A weighty silence ensued, and Harry stayed facing away. Ginny took his hand in hers, clasping it.

"Lad, I know you want to believe that she's your mother, but there are far too many ways for the other side to have used her as a plant," Mad-Eye said.

Harry clenched a fist, a bitter tasting anger rising in his throat. "So we're just going to assume that she's one of them."

"We can't do that!" Lupin said.

"People know her name almost as well as they know Harry's!" Tonks interjected. "Too just assume that she's part of this – we can't do that. She's a hero!"
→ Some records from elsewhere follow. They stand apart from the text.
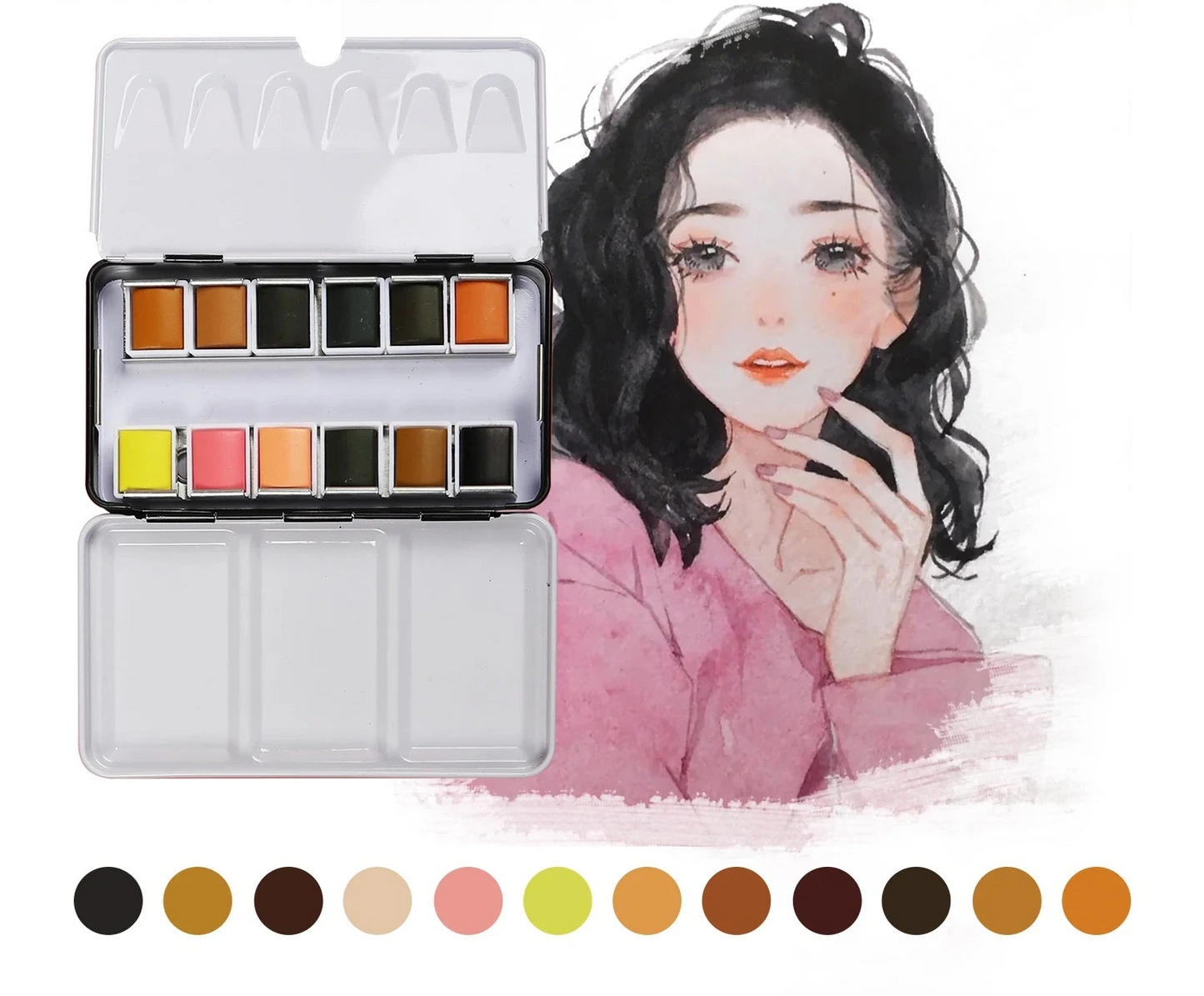Palette d'Aquarelle de voyage premium (12 nuances)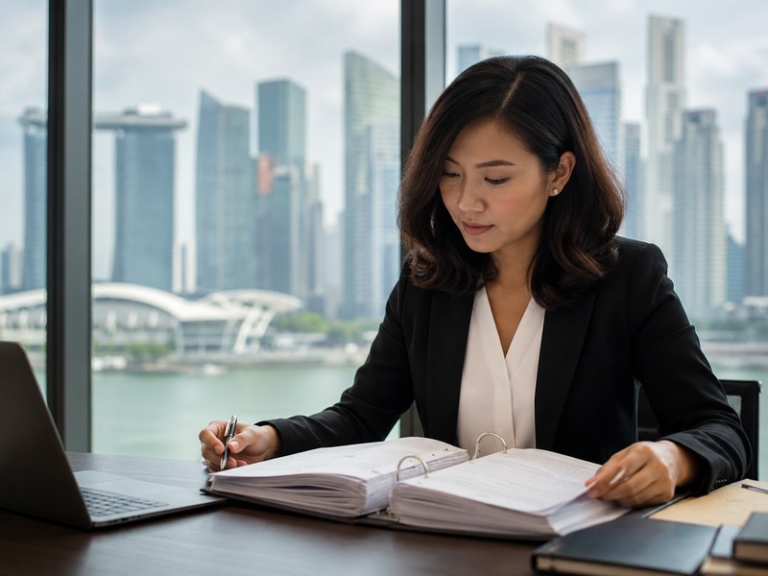 Photograph of a professional executive handshake in a modern Singapore office with Marina Bay skyline in the background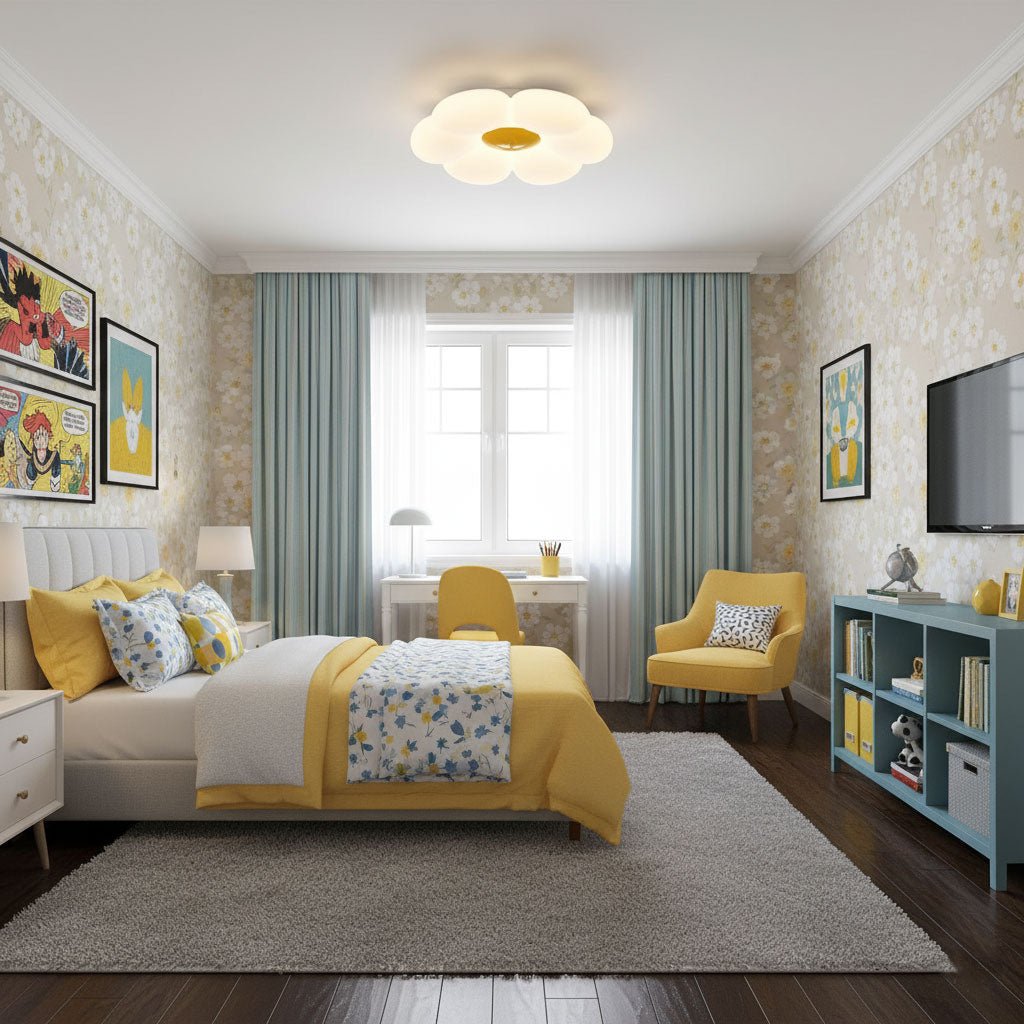 six-leaf-flower-kids-room-ceiling-lamp-anzaz-Yellow-6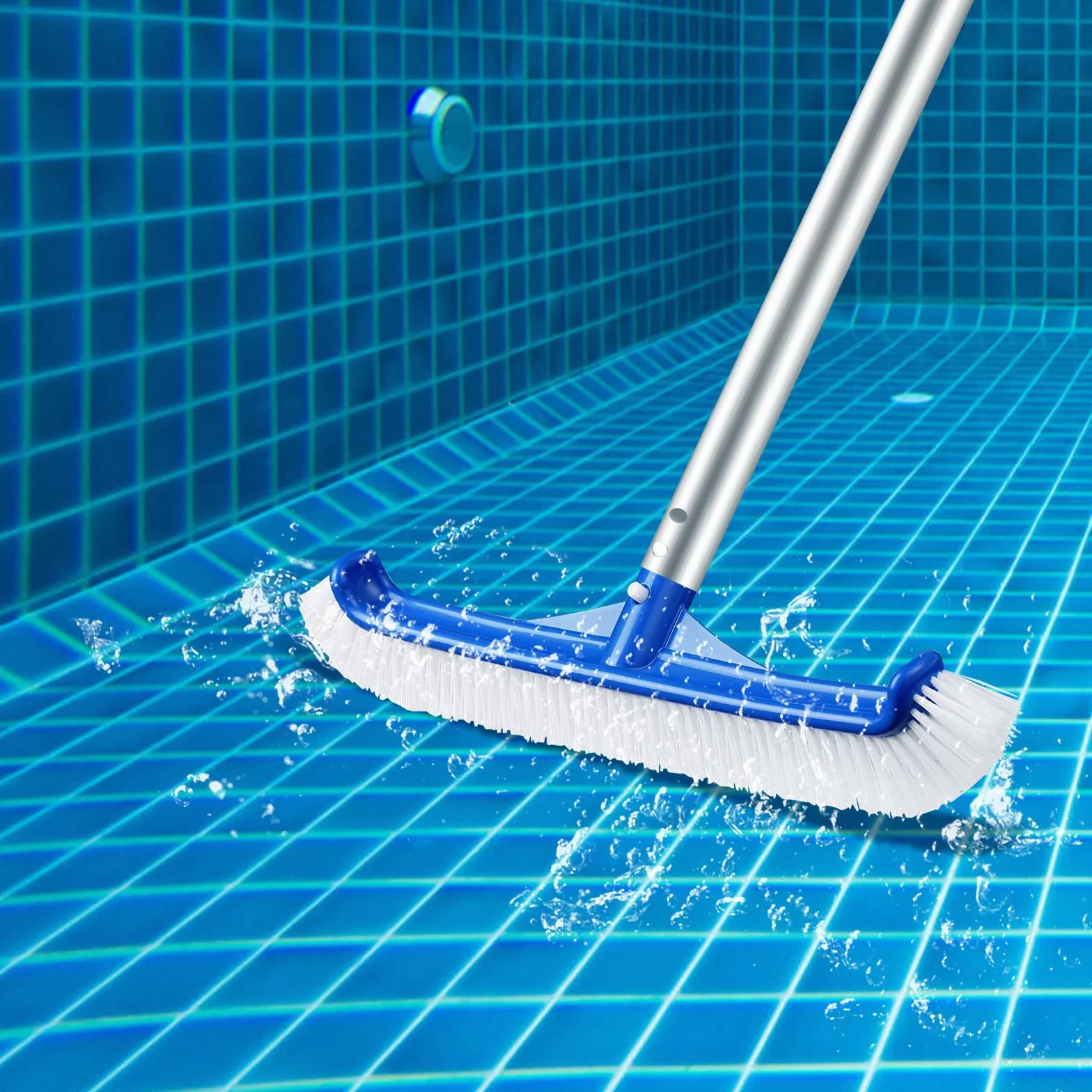 Brosse de Piscine 43cm Tête de Brosse Nettoyage Poils Nylon Extrémité Courbée
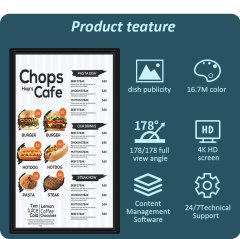 Wall Mount Restaurant Lcd Digital Menu Screen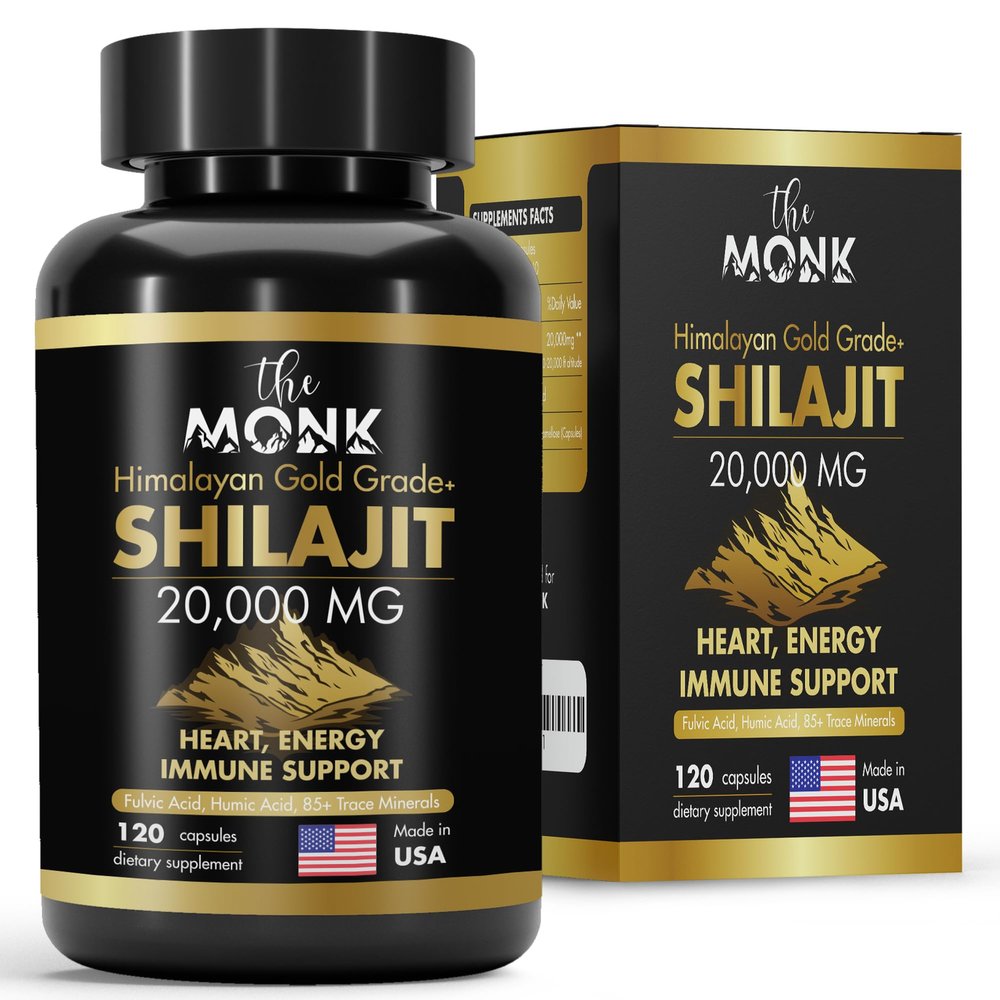 Organic Shilajit with Fulvic Acid, Humic Acid, 85+ Minerals- Gold Grade Plus - Same as Resin - Energy, Stamina, Brain Support - 120 Capsules - Made in The USA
"What about Veritaserum?" asked Hermione. She looked at him anxiously, pleading with him not to release the hot rage rushing through him at the thought of using the truth drought on his mother. "Harry, I know you don't want to think about it," she implored, "but this way we can clear her, make everyone see she is who she says she is."

Ginny's fingers curled tighter around his, restraining him. But it was all right, Harry could hear Hermione's words, and as much as he disliked them, he knew what she was trying to say. If they did this no one would have any cause to doubt that she was his mother.

"Fine," he agreed, bitterly but knowing that it was his word they were all relying on in this case.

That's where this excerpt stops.